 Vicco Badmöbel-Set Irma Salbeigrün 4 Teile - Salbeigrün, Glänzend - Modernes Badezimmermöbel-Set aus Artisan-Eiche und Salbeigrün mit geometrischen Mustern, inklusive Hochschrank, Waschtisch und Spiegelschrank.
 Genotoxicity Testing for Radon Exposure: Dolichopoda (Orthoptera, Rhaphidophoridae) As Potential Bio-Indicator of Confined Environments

--

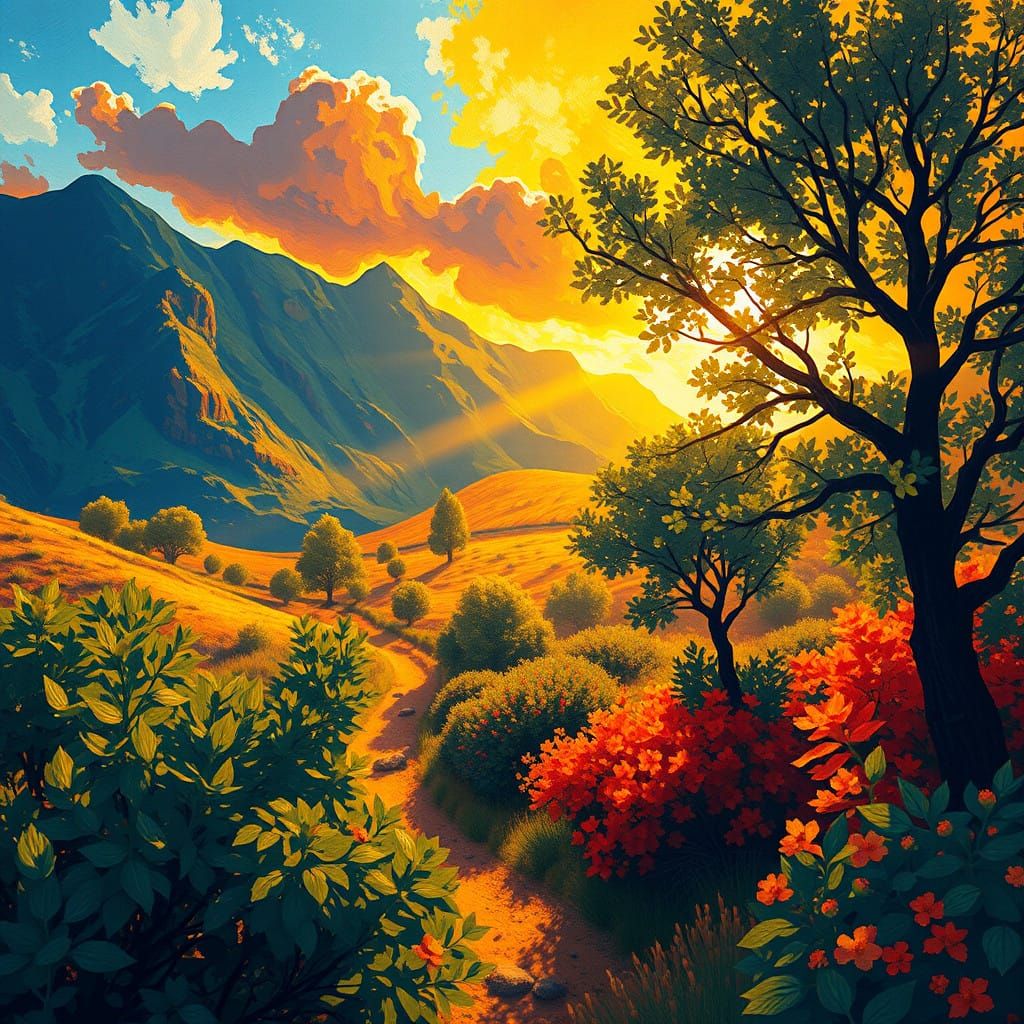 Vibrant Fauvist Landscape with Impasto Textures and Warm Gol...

**What is needed**
Look above for the line holding "Vicco Badmöbel-Set Irma". Print it and every line after it, exactly, through the line holding "Genotoxicity Testing for".

**Response below**
 Vicco Badmöbel-Set Irma Salbeigrün 4 Teile - Salbeigrün, Glänzend - Modernes Badezimmermöbel-Set aus Artisan-Eiche und Salbeigrün mit geometrischen Mustern, inklusive Hochschrank, Waschtisch und Spiegelschrank.
 Genotoxicity Testing for Radon Exposure: Dolichopoda (Orthoptera, Rhaphidophoridae) As Potential Bio-Indicator of Confined Environments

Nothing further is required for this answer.